Power & Productivity
The Wi-Fi network in the Saphire Plaza Premium Lounge is abysmally slow, barely registering 1-2 Mbps up and down. I’ve had Wi-Fi sessions 35,000 ft in the air that were faster than this.
Power outlets and USB Type-A ports can be found throughout the lounge, but the outlets only accept Type A, Type C and Type I plugs (Australia, Europe, US/Japan).
However, if you manage to snag a productivity pod, you’ll find a universal power outlet that can take Singapore style Type G plugs too.
Food & Beverage
The self-serve buffet was arranged around a small rectangular table.
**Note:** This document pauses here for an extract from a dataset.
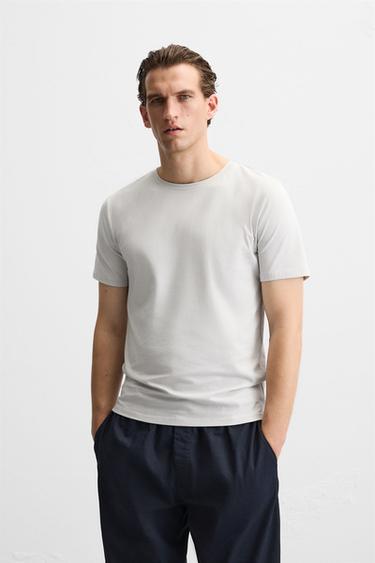 T-SHIRT SLIM FIT BASIQUE - Gris perle de Zara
Items were replenished regularly and looked fresh, though there were a lot of flies hovering around the fruits.
The hot food options were mostly Indonesian, with fried noodles, a choice of stir-fried vegetables, and curry chicken. A couple of Western options were available, but both were carbs- a spaghetti smothered in cheese, and some potatoes.
Surprisingly, the drinks selection was extremely limited. First of all, there’s no alcohol, not even canned beer (previous reports mention wine and beer were available- just my bad luck?). All drinks had to be requested at the bar, and if you didn’t take coffee or tea, you basically had Coke and Sprite to choose from (plus bottled water, thankfully).
At the rear of the lounge are three shower rooms. Unfortunately, these were out of service during my visit, so I couldn’t take a look inside.
The Saphire Plaza Premium Lounge is a decent place to wait for a flight, with varied seating types, plentiful power outlets and a serviceable buffet. The real disappointment is the lack of alcohol, plus the slow Wi-Fi. The lounge’s poor ventilation (despite it being open air) is another major issue, and a few portable A/C units would have really helped.
But in any case, it’s not like you have a choice. This is the only lounge available to non-Garuda passengers at the moment, and it sure beats sitting in the terminal.